→ Problem requirements
Look below for the line with "moto-MOLTICO Fußmatten Auto"; begin the copy there and stop after the line with "20060904 1200 UTC", keeping the text exact and the pictures out.

→ Data supplied
%%

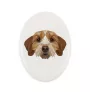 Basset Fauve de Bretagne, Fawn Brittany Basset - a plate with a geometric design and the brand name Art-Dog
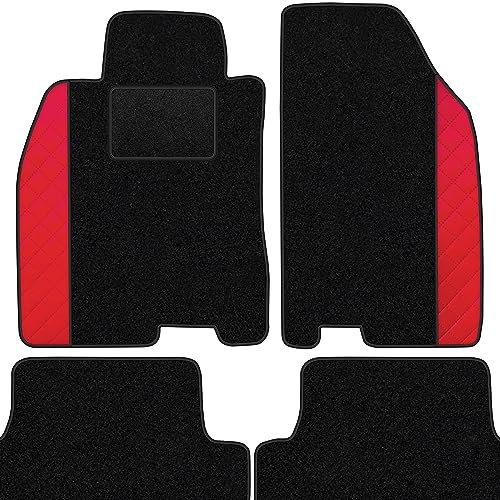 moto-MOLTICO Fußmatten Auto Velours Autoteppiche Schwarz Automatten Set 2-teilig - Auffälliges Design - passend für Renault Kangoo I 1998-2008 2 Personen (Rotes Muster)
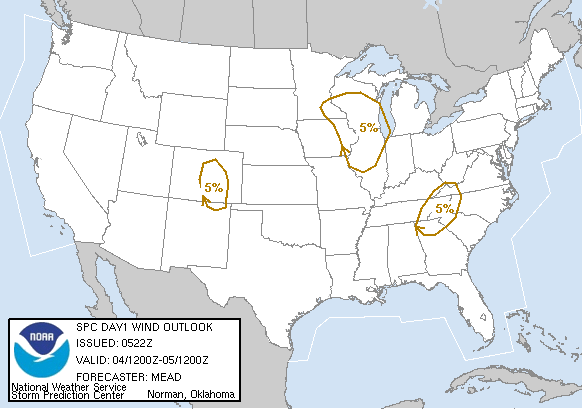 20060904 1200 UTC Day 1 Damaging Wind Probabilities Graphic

%%
%%

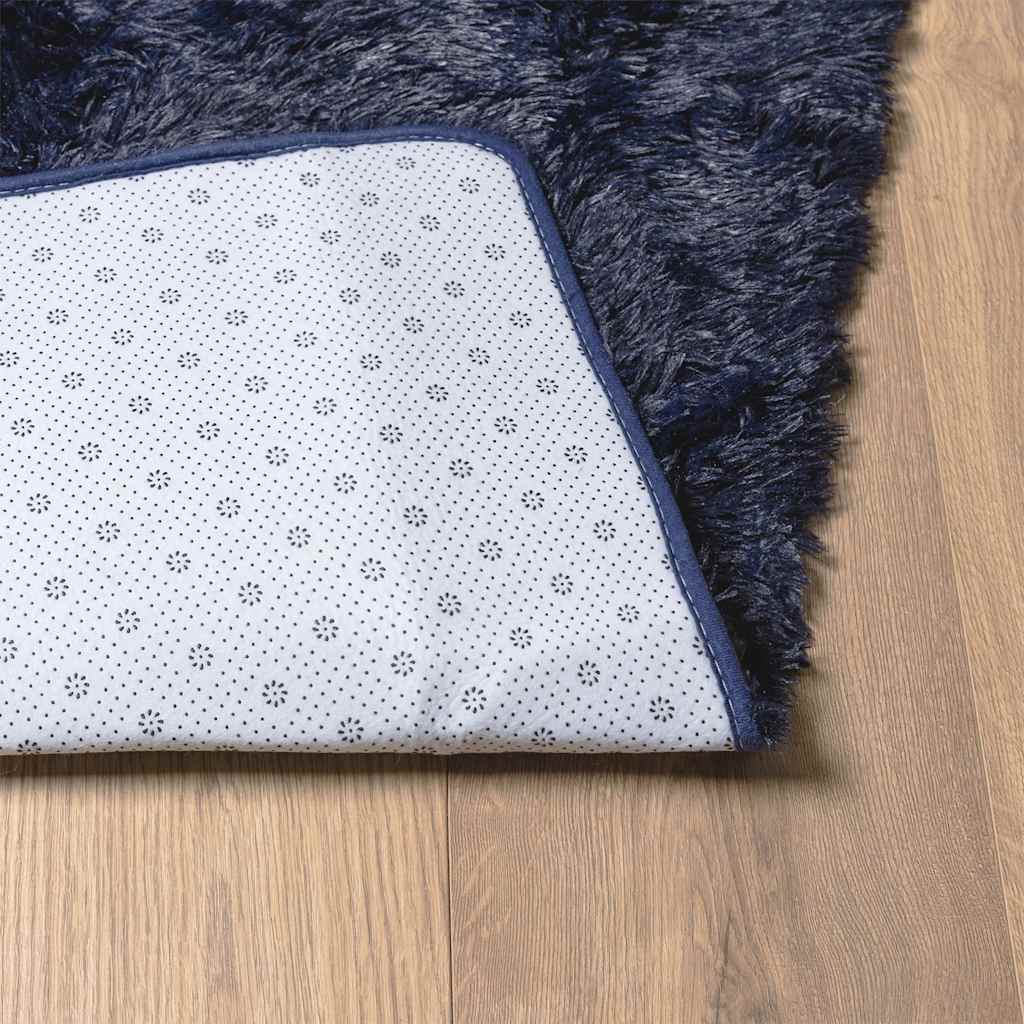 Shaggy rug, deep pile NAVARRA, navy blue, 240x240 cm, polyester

%%

→ Task answer
 moto-MOLTICO Fußmatten Auto Velours Autoteppiche Schwarz Automatten Set 2-teilig - Auffälliges Design - passend für Renault Kangoo I 1998-2008 2 Personen (Rotes Muster)
 20060904 1200 UTC Day 1 Damaging Wind Probabilities Graphic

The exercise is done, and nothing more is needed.